Markov Musings 4: Should You Be Lazy?

This post is part of a series, Markov Musings, about the mathematical analysis of Markov chains. See here for the first post in the series.

In the previous post, we proved the following convergence results for a reversible Markov chain

$\chi^2\left(\rho^{(n)} \, \middle|\middle| \, \pi\right) \le \left( \max \{ \lambda_2, -\lambda_n \} \right)^{2n} \chi^2\left(\rho^{(0)} \, \middle|\middle| \, \pi\right).$

Here, $\rho^{(n)}$ denotes the distribution of the chain at time $n$ , $\pi$ denotes the stationary distribution, $\chi^2(\cdot \mid\mid \cdot)$ denotes the $\chi^2$ divergence, and $1 = \lambda_1 \ge \lambda_2 \ge \cdots \ge \lambda_m \ge -1$ denote the decreasingly ordered eigenvalues of the Markov transition matrix $P$ . To bound the rate of convergence to stationarity, we therefore must upper bound $\lambda_2$ and lower bound $\lambda_m$ .

Having to prove separate bounds for two eigenvalues is inconvenient. In the next post, we will develop tools to bound $\lambda_2$ . But what should we do about $\lambda_m?$ Fortunately, there is a trick.

It Pays to be Lazy

Call a Markov chain lazy if, at every step, the chain has at least a 50% chance of staying put. That is, $P_{ii} \ge 1/2$ for every $i$ .

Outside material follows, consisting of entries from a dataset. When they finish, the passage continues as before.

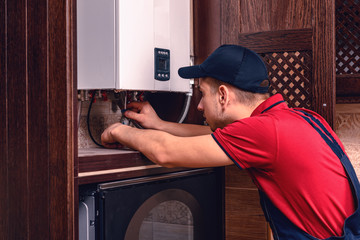 Plumber adjusts gas boiler before operating, professional of his craft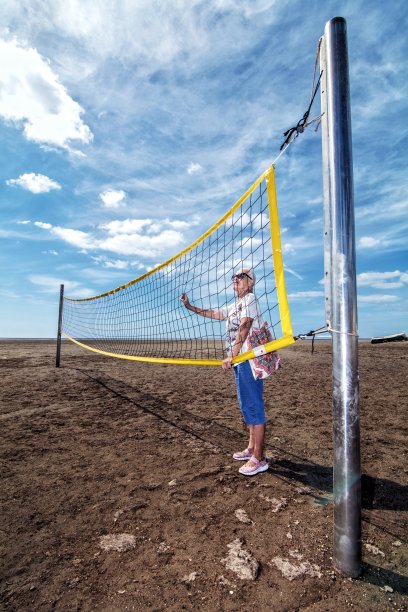 孤独的老女人忧郁地看着沙滩排球网图片下载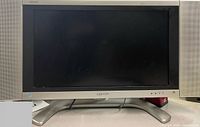 Front view of Sharp AQUOS LC-26DA5U TV with speakers and stand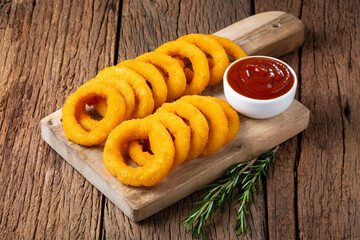 Crispy onion rings with ketchup.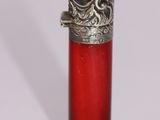 une bouteille en verre rouge ornée d'un dragon argenté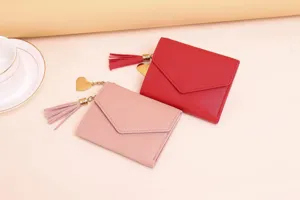 Detailed view of pink and red women's slim wallets with tassel and heart charm.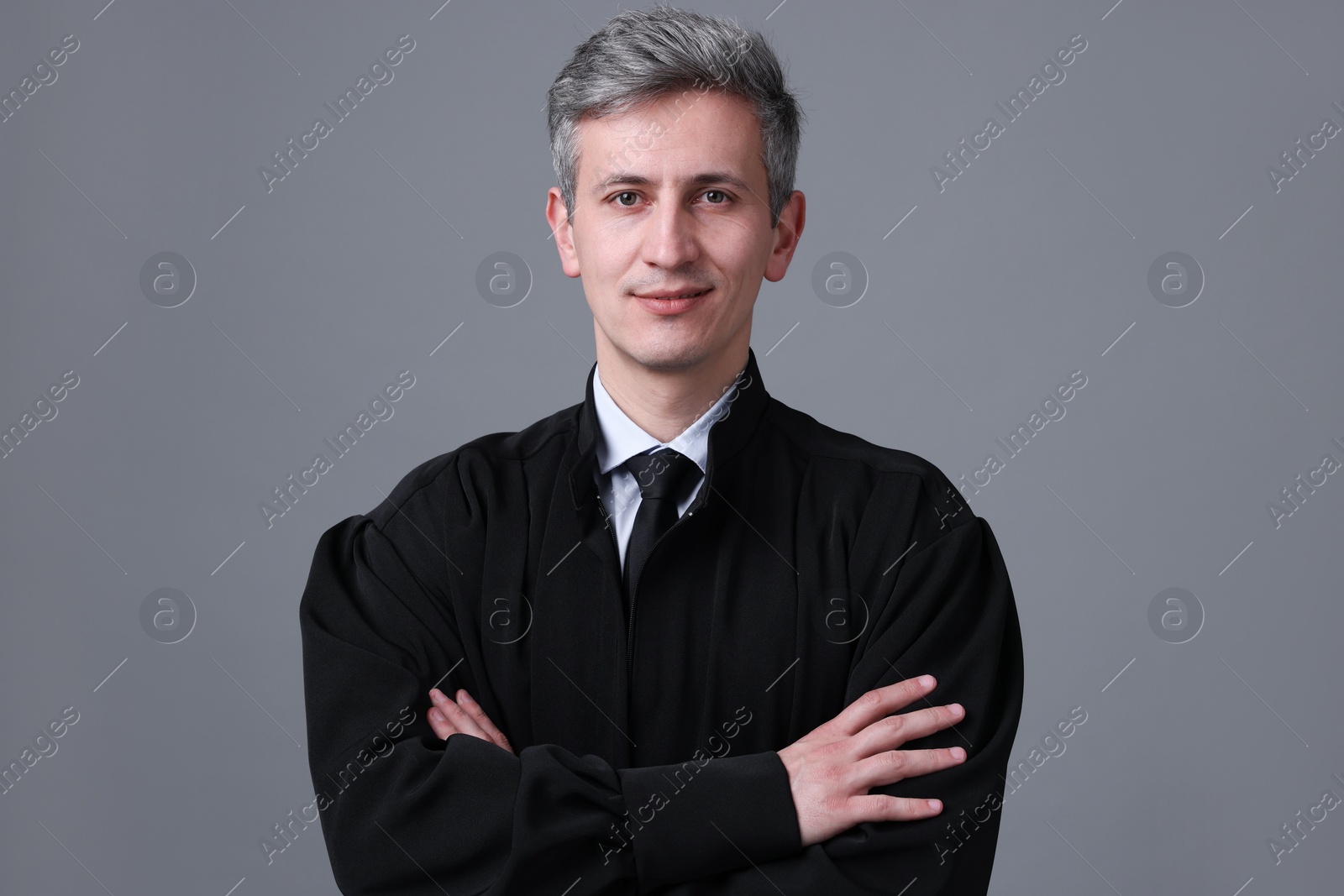 Portrait of judge in court dress on grey background Photo of Portrait of judge in court dress on grey background
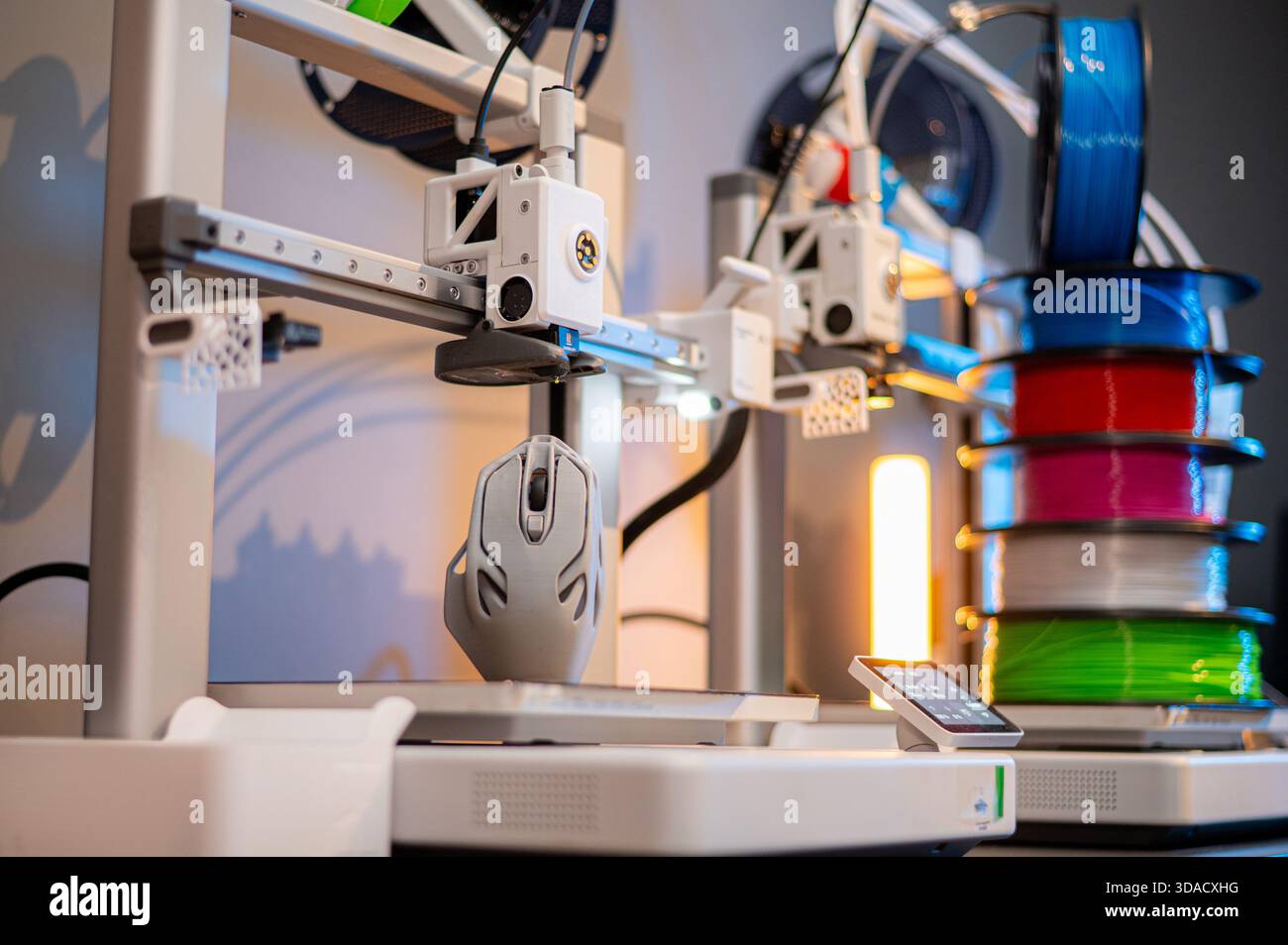 A student man print prototype on 3D printer Stock Photo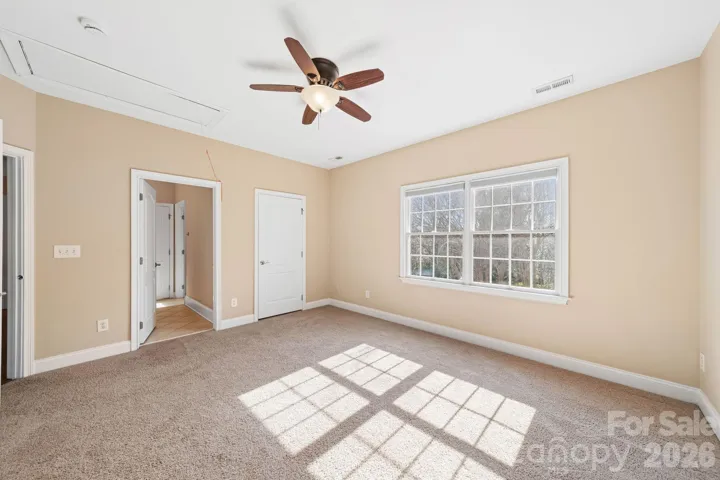 Bright and versatile bedroom featuring large windows and elegant crown molding—perfect as a guest suite, office, or additional living space.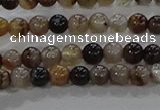 CAA1035 15.5 inches 4mm round dragon veins agate beads wholesale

Any Markov chain can be made into a lazy chain. At every step of the chain, flip a coin. If the coin is heads, perform a step of the Markov chain as normal, drawing the next step randomly according to the transition matrix $P$ . If the coin comes up tails, do nothing and stay put.

Algebraically, the lazy chain described in the previous paragraph corresponds to replacing the original transition matrix $P$ with the lazy transition matrix $P^{\rm lazy} \coloneqq (I+P)/2$ , where $I$ denotes the identity matrix. It is easy to see that the stationary distribution $\pi$ for $P$ is also a stationary distribution for $P^{\rm lazy}$ :

$\pi^\top P^{\rm lazy} = \frac{1}{2} \pi^\top P + \frac{1}{2} \pi^\top I = \frac{1}{2} \pi^\top + \frac{1}{2} \pi^\top = \pi^\top.$

The eigenvalues of the lazy transition matrix are

$\lambda_i^{\rm lazy} = \frac{1+\lambda_i}{2}.$

In particular, since all of the original eigenvalues $\lambda_i$ are $\ge -1$ , all of the eigenvalues of the lazy chain are $\ge 0$ . Thus, the smallest eigenvalue of $P^{\rm lazy}$ is always $\ge 0$ and thus, for the lazy chain, the convergence is controlled only by $\lambda_2^{\rm lazy}$ :

$\chi^2\left(\rho^{(n)} \, \middle|\middle| \, \pi\right) \le \left( \lambda_2^{\rm lazy} \right)^{2n} \chi^2\left(\rho^{(0)} \, \middle|\middle| \, \pi\right).$

Since it can be easier to establish bounds on the second eigenvalue than on both the second and last, it can be convenient—for theoretical purposes especially—to work with lazy chains, using the construction above to enforce laziness if necessary.

Should You be Lazy?

We’ve seen one theoretical argument for why it pays to use lazy Markov chains. But should we use lazy Markov chains in practice? The answer ultimately depends on how we want to use the Markov chain.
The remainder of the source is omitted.